- PROMPT: The output should contain the listing word for word and no pictures.

- DATASET EXCERPT:
============
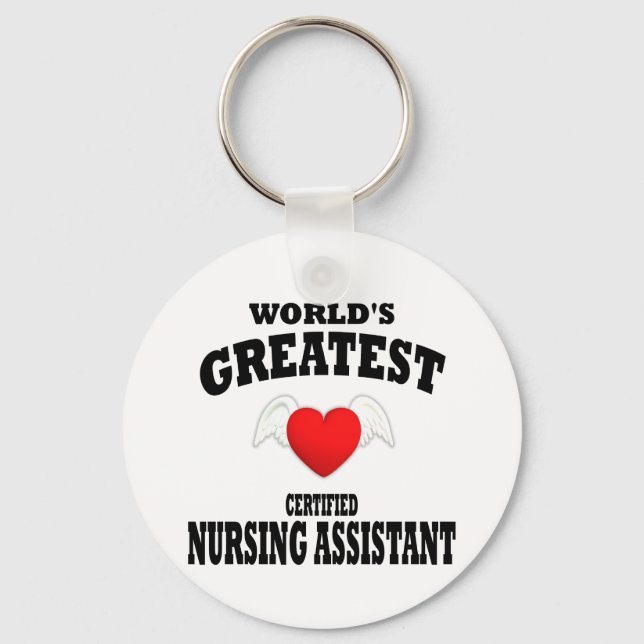 Världsmästare Sjuksköterskeassistent Nyckelring (Framsida)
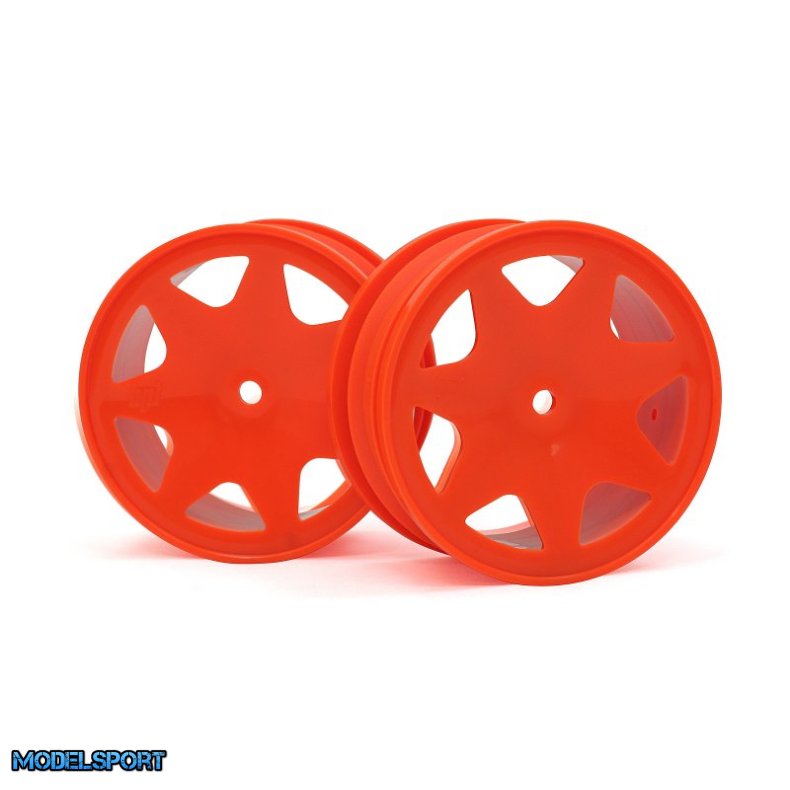 HPI 100622 Ultra 7 Wheels Orange 30mm (2Pcs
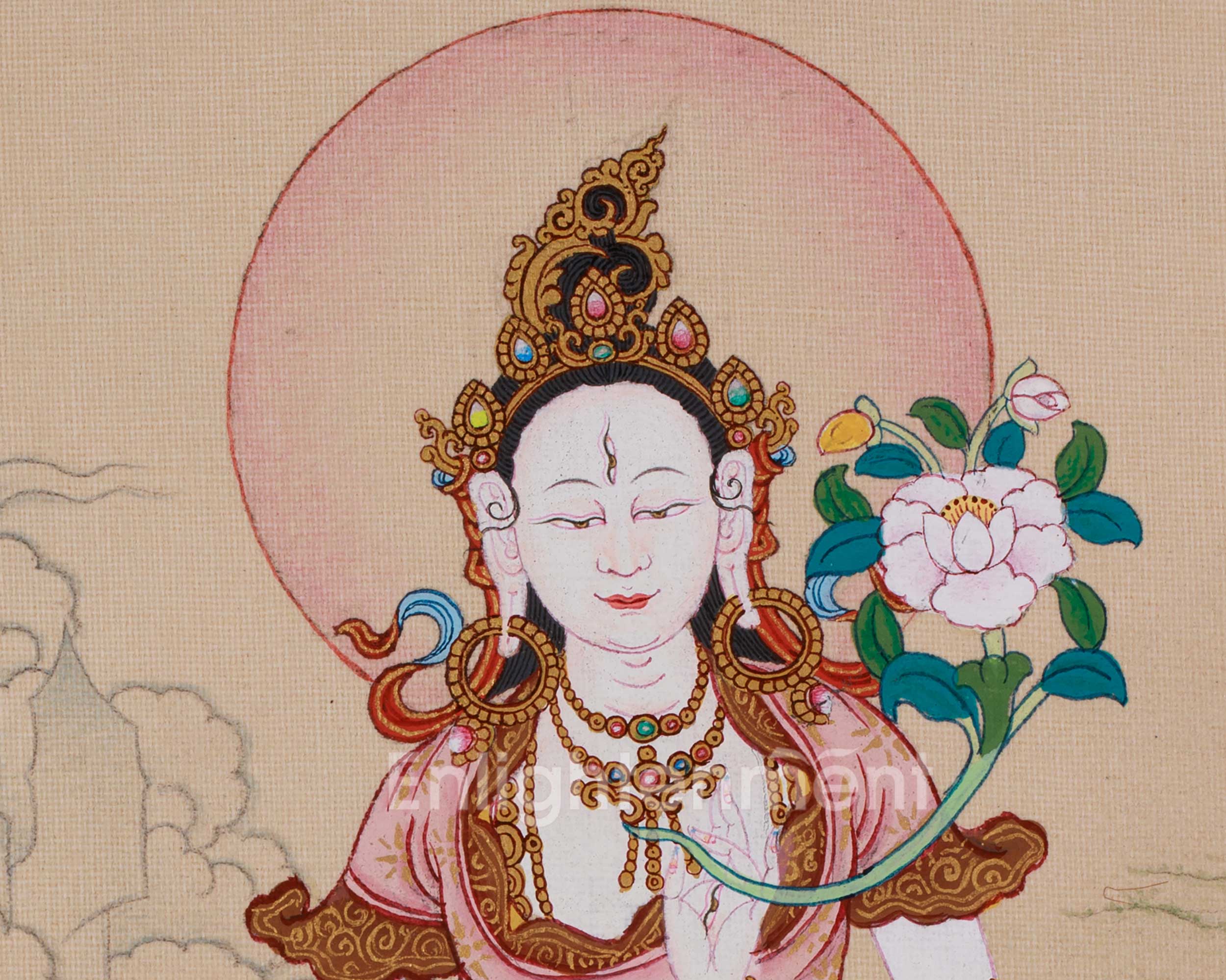 White Tara Compassion Art | Symbolized Longevity | Sita Tara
============
- PROBLEM SOLUTION:
 Världsmästare Sjuksköterskeassistent Nyckelring (Framsida)
 HPI 100622 Ultra 7 Wheels Orange 30mm (2Pcs
 White Tara Compassion Art | Symbolized Longevity | Sita Tara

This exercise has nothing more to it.